St. Ignatius Mission

Step inside the historic St. Ignatius Mission for a surprise: 58 stunning, hand-painted murals seem to light up the walls and ceiling of this National Historical Site. Situated in the town of St. Ignatius, at the base of the rugged Mission Mountains, the mission was built in 1891 by local Indians and Jesuit missionaries. The bricks used to build it were made from local clay.

As for the main attraction, the amazing frescoes, they were created many years ago by the mission’s cook and handyman, Brother Joseph Carignano. An Italian Jesuit, Brother Joseph was, believe it or not, a self-taught artist. Gazing at his work in the mission, it truly is difficult to believe that he taught himself how to paint like that.
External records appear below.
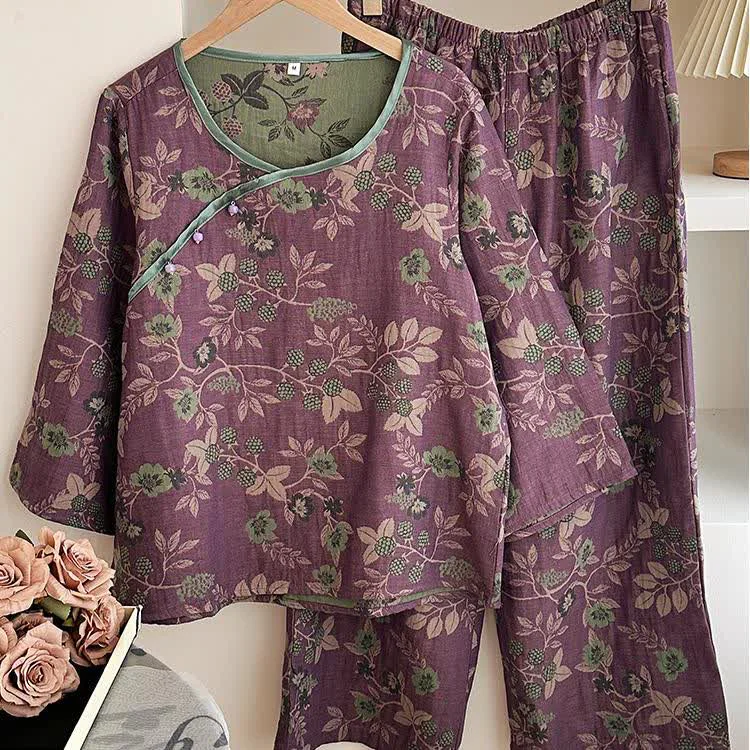 Functional Ownkoti Cotton Gauze Rural Mulberries Pajama Set Safe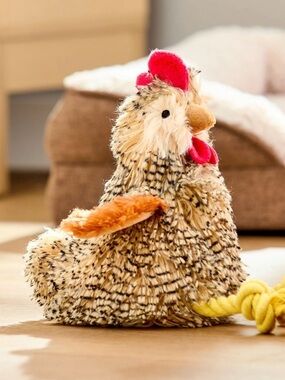 Plush Hen Small Pet Toy in Beige and Orange dog toy new with tags crazy chicken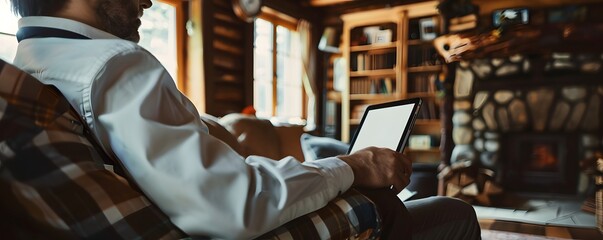 Man Using Tablet in Cozy Cabin Setting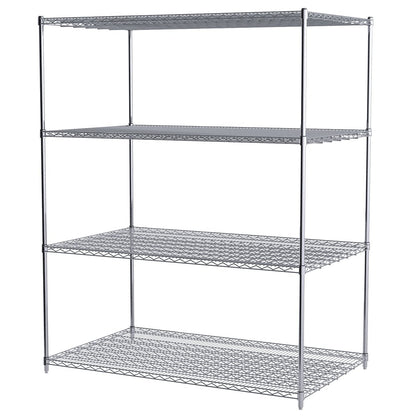 Akro-Mils AWP74UPRIGHT 74-Inch NSF Certified Industrial Grade Chrome Wire Shelf System Upright Leg Post Poles, (4 Pack), Silver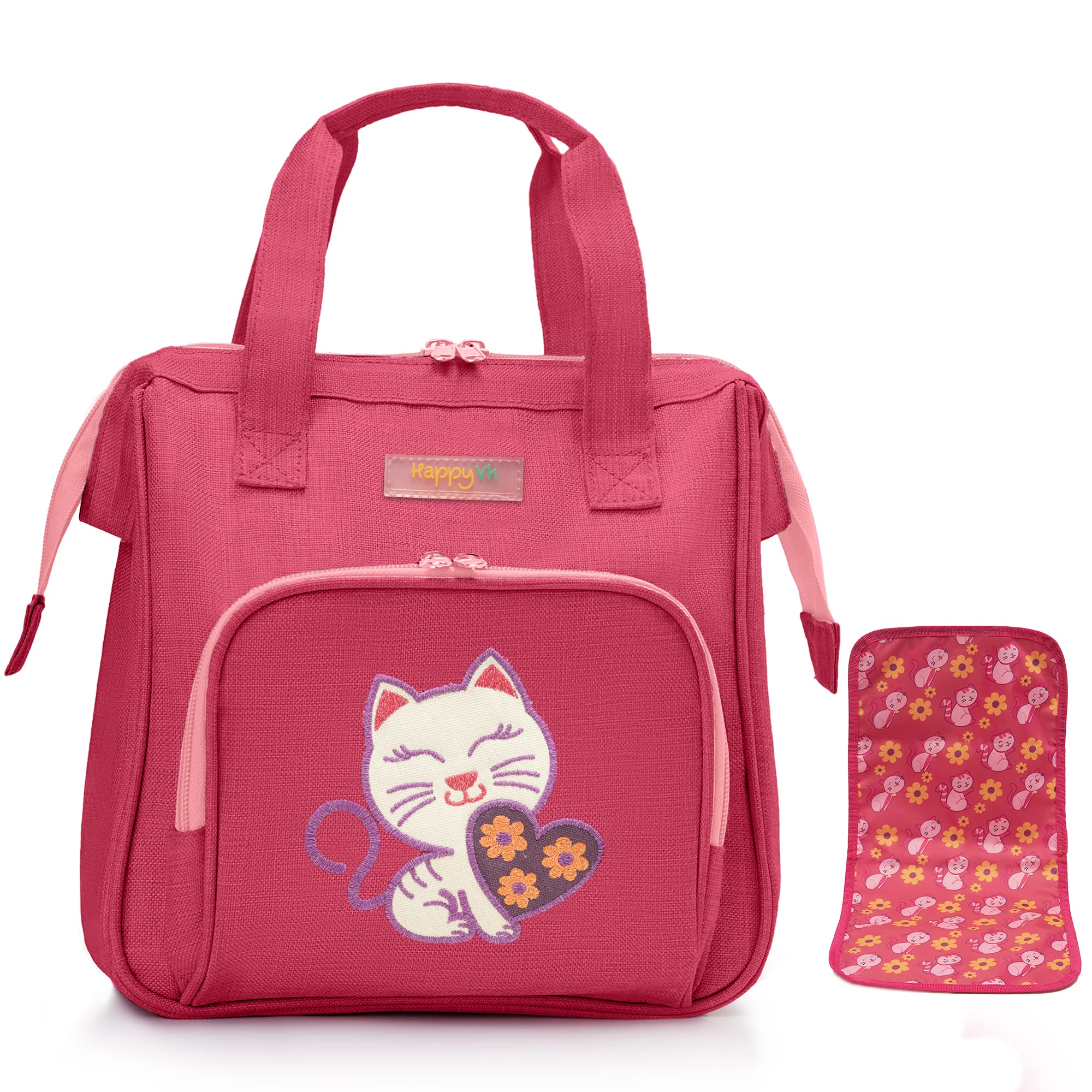 Baby Doll Diaper Bag with Doll Changing Pad- Handbag for Girls- Cat Luminous Embroidery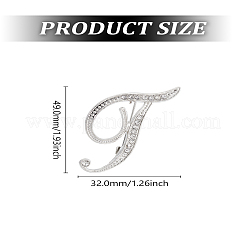 合金ブローチ1個  ラインストーン付き  文字L  文字t  43.5x33.5mm&nbsp;JEWB-LP0004-01T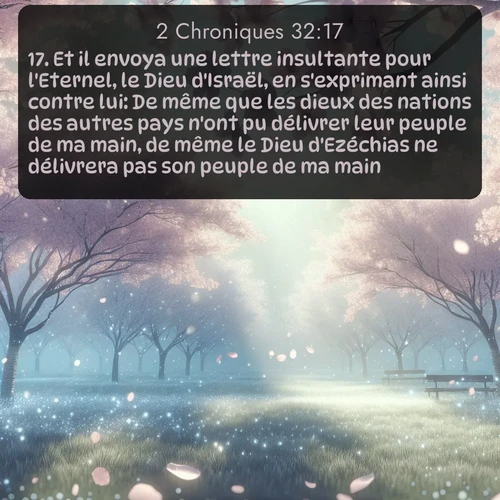Segond 2 Chroniques  ; image nature: image avec le verset biblique :Et il envoya une lettre insultante pour l&#039;Eternel, le Dieu d&#039;Israël, en s&#039;exprimant ainsi contre lui: De même que les dieux des nations des autres pays n&#039;ont pu délivrer leur peuple de ma main, de même le Dieu d&#039;Ezéchias ne délivrera pas son peuple de ma main. ;  ; 32:17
View of nave, interior of St. Ignatius Mission, St. Ignatius, Montana. Photo courtesy of Wikipedia.

It’s nice to take your time, sit in one of the mission’s pews, relax, and take it all in. If you ever have a chance to hear a choir concert in the mission, go. The acoustics in the high-ceilinged church are wonderful. Or, if you’re so inclined, you can attend Mass here on Sunday mornings.

Visiting the St. Ignatius Mission and its two smaller historical buildings is free, but donations are always welcome. Also, you can buy a little book about the mission’s interesting history for $3.

Find the St. Ignatius Mission by heading north on highway 93 from Missoula. Once you’ve gone about 40 miles, watch for signs that will direct you to the old church.